Problem details: In the entries below, find the line with "Apartament cu 3" and the line with "Sanford Shawls Sanford". Return those two lines and all lines between them, exactly.

Data provided:
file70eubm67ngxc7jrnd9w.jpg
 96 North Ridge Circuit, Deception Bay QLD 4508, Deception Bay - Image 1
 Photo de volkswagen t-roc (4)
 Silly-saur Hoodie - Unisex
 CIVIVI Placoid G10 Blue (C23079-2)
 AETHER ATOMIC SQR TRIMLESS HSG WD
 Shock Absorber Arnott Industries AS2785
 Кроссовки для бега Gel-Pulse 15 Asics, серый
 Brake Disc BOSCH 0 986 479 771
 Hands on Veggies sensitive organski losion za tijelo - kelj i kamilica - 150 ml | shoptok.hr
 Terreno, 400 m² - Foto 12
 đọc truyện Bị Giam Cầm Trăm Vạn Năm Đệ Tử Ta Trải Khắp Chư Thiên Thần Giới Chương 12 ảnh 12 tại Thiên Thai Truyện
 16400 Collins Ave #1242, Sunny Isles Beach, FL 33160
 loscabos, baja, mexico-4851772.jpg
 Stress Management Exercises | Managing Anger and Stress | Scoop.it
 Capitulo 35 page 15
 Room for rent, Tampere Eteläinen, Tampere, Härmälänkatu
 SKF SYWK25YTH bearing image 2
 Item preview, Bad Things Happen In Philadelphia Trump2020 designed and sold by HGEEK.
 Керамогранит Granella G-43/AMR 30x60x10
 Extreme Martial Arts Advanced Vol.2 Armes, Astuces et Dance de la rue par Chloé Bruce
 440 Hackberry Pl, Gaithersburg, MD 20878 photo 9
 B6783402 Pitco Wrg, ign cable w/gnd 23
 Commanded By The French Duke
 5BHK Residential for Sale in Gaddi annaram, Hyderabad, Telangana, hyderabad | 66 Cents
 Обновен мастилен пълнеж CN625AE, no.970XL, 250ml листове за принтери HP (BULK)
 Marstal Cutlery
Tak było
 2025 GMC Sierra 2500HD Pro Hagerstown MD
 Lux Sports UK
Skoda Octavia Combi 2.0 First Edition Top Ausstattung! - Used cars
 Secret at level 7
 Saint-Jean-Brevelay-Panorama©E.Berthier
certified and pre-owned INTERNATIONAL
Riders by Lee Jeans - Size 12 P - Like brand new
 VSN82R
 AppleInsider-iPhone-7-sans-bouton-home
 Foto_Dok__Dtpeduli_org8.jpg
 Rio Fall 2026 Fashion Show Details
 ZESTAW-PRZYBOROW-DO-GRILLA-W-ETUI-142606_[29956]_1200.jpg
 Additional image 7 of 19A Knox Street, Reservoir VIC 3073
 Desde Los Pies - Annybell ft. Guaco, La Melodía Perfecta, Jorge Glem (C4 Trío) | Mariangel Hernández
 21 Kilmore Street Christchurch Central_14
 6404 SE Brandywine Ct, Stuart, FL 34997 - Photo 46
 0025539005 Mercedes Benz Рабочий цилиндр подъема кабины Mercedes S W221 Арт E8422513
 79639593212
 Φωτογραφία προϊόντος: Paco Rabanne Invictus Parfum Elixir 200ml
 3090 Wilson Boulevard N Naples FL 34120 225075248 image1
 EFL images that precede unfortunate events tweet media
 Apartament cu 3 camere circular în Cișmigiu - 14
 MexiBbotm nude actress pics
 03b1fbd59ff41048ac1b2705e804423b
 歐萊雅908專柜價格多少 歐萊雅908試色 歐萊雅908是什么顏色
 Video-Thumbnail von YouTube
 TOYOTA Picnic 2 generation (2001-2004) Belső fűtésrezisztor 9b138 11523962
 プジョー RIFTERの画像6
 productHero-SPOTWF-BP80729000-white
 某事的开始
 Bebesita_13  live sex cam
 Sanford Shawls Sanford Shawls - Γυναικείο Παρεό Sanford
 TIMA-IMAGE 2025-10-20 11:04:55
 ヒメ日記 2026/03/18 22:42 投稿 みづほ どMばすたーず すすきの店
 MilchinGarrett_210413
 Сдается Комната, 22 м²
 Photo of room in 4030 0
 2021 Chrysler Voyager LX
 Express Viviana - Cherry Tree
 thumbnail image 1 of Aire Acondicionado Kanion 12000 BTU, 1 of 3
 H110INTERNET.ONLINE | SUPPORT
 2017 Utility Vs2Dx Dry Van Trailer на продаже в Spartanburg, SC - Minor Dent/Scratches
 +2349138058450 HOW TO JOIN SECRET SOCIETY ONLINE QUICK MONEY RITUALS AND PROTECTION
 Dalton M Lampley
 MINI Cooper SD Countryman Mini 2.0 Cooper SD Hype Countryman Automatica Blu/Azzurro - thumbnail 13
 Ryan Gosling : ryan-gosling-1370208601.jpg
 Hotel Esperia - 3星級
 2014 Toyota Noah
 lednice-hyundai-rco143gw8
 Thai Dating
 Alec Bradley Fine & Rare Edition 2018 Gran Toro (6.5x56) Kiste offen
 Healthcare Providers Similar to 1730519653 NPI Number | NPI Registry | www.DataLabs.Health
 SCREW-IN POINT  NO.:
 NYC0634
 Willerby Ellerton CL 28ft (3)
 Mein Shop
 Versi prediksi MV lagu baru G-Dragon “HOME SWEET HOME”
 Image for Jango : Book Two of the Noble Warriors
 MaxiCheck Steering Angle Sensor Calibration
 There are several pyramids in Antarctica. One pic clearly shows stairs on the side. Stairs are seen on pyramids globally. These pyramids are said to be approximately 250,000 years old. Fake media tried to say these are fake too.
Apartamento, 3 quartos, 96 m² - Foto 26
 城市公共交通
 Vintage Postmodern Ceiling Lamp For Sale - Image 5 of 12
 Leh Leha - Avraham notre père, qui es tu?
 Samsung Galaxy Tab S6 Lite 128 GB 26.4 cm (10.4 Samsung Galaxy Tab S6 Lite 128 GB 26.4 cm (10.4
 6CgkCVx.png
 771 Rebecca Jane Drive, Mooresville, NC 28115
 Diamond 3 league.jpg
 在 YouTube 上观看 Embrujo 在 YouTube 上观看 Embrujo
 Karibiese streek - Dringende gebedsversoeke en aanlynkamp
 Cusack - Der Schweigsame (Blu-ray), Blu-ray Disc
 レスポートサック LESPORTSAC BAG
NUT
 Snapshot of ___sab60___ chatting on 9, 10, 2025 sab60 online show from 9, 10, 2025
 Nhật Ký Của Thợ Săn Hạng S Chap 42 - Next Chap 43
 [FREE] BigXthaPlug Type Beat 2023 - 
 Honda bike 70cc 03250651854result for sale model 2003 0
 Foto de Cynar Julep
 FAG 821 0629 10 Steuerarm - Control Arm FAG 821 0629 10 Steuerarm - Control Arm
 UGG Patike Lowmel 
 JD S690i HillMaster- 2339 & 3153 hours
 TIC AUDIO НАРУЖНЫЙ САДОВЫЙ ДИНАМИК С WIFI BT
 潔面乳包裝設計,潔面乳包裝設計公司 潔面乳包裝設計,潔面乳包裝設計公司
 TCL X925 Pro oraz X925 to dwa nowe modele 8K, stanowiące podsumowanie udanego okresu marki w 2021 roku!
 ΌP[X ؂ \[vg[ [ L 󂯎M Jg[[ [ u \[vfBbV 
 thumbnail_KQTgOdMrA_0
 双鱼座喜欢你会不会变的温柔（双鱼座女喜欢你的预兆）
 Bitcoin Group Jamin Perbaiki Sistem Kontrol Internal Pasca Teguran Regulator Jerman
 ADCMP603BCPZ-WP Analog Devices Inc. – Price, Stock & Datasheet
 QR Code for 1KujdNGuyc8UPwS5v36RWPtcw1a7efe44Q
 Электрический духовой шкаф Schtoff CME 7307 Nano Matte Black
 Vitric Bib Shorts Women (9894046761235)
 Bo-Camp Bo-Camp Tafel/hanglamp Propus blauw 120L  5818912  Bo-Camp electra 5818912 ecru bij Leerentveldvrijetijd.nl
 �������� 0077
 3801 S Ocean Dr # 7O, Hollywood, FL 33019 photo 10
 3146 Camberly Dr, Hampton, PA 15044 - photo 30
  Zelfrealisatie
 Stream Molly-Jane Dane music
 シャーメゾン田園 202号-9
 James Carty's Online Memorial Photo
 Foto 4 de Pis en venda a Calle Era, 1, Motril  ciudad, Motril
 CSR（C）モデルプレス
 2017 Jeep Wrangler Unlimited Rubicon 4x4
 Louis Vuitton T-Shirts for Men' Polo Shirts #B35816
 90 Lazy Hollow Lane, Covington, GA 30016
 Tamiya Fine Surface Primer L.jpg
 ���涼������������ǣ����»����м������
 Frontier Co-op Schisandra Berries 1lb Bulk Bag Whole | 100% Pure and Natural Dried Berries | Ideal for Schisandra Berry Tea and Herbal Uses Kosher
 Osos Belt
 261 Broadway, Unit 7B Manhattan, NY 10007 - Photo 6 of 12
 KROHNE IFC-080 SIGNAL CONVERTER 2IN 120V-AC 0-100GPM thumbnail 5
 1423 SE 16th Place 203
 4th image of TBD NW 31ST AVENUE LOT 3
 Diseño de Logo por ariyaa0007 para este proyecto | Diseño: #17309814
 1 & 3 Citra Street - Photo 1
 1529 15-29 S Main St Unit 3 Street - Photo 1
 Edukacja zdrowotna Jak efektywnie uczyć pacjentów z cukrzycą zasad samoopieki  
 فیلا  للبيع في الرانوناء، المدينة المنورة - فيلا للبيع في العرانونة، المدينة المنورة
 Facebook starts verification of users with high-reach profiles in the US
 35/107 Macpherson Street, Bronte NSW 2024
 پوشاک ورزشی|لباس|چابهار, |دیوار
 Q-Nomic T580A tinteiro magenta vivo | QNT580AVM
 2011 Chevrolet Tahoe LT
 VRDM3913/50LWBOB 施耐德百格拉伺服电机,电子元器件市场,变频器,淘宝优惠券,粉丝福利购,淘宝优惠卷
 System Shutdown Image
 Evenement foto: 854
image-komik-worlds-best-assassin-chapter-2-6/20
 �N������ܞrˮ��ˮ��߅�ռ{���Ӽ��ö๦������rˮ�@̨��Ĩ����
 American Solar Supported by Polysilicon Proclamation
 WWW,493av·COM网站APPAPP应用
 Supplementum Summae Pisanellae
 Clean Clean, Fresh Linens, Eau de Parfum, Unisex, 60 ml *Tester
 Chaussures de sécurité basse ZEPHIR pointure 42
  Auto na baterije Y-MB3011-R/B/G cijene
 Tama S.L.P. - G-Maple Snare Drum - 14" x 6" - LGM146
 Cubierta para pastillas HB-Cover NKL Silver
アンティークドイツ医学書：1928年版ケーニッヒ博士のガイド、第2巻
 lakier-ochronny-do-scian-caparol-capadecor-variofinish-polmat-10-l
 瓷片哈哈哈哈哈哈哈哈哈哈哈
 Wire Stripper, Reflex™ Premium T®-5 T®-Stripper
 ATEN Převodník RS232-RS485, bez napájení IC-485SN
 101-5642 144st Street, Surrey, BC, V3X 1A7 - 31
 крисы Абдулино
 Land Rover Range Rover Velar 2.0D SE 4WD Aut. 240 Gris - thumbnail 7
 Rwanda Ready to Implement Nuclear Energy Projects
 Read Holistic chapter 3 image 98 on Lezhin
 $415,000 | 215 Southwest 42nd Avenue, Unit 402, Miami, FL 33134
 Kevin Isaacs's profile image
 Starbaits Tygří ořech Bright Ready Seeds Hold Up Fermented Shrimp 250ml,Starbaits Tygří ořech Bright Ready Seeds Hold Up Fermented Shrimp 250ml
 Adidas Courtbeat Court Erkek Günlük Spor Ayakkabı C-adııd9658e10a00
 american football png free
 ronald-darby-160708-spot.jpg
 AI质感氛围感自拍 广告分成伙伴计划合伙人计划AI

Exercise solution:
 Apartament cu 3 camere circular în Cișmigiu - 14
 MexiBbotm nude actress pics
 03b1fbd59ff41048ac1b2705e804423b
 歐萊雅908專柜價格多少 歐萊雅908試色 歐萊雅908是什么顏色
 Video-Thumbnail von YouTube
 TOYOTA Picnic 2 generation (2001-2004) Belső fűtésrezisztor 9b138 11523962
 プジョー RIFTERの画像6
 productHero-SPOTWF-BP80729000-white
 某事的开始
 Bebesita_13  live sex cam
 Sanford Shawls Sanford Shawls - Γυναικείο Παρεό Sanford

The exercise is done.